Elon Musk’s SpaceX Will Help Pentagon Track Intercontinental Ballistic Missiles
Elon Musk’s SpaceX has landed a lucrative $149 million (£115 million) Pentagon contract to build satellites that can track missiles coming from other countries.
As part of the contract, SpaceX will build four satellites sporting wide-angle infrared missile-tracking technology. The awarding of the contract marks the first phase of the US Space Development Agency’s (SDA) mission to acquire these types of satellites and defend against intercontinental ballistic missiles are among the most difficult to intercept.

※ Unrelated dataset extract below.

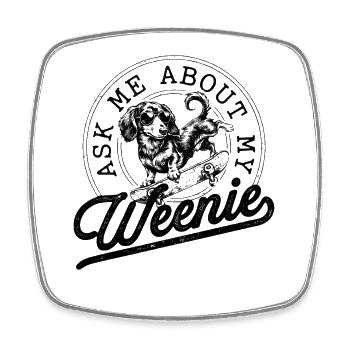 Dackel auf Skateboard – Cooler Weenie Dog Vintage - Viereckiger Kühlschrankmagnet - Weiß - Vorne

The satellite production will be part of Starlink’s broader goal of producing more internet-facing satellites to support a satellite-based internet service. Starlink is a SpaceX offshoot of Musk’s, and he hopes the revenue generated from the project will support SpaceX’s wider space-bound missions.
SpaceX will use its Starlink assembly plant in Redmond, Washington to build the four satellites, while L3 Harris Technologies will build a further four satellites using the $193 million (£149 million) from its own SDA contract win.

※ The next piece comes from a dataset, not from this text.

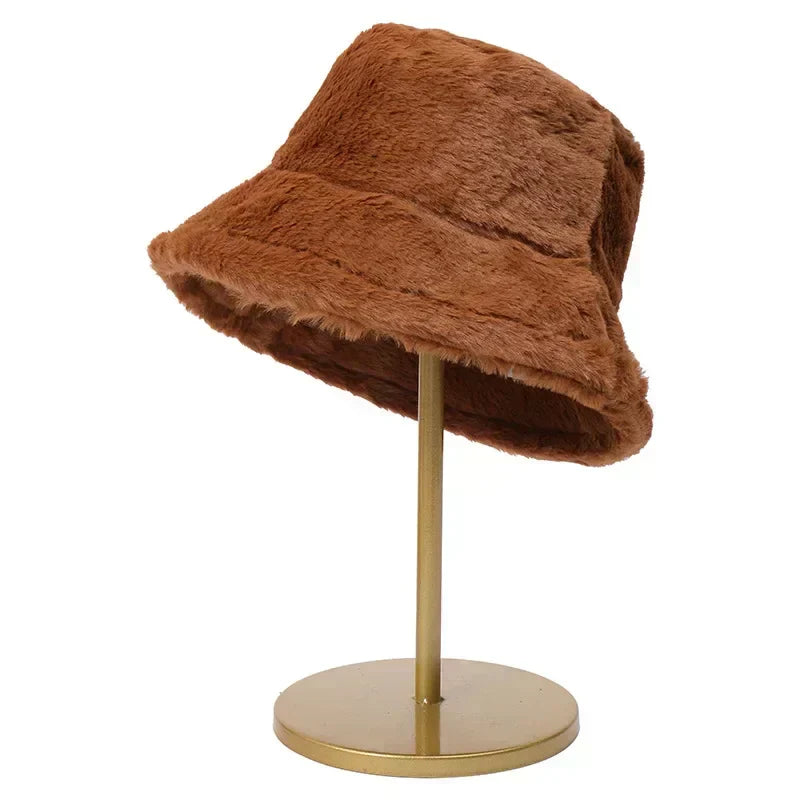 Warm Winter Faux Fur Bucket Hat for Women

Both companies are expected to have their satellites ready by 2022, just in time for the SDA’s merger with the US Space Force.
This government contract isn’t the first SpaceX has won in recent years, although it is the first time it will be building satellites for the government.
SpaceX was awarded a $28 million (£21.6 million) contract from the US Air Force to use its Starlink network to test encrypted internet services for military applications.
Both of these contracts won by SpaceX pale in comparison to the one it was awarded in August 2020. Musk’s company was able to fend off competition from the likes of Blue Origin, Jeff Bezos’s space company, to win a Space Force launch contract reportedly worth millions.
Picking up 40% of the available contracts, SpaceX will help launch 14 military and intelligence satellite missions, while United Launch Alliance – a collaboration between engineering giants Boeing and Lockheed Martin – claimed the remaining 60% of the contracts and will make 34 classified launches, according to Business Insider.
Bezos did, however, get one over on Musk after losing the mammoth Space Force contract. On September 25, Bezos’s Blue Origin beat SpaceX to secure an Air Force contract, with Musk’s rocket system being deemed ‘too risky and expensive’, Reuters reports.
The Air Force had originally awarded the contract to Blue Origin, and despite Musk’s year-long appeal that involved him claiming the contract was unfairly awarded to Blue Origin, his efforts were unsuccessful.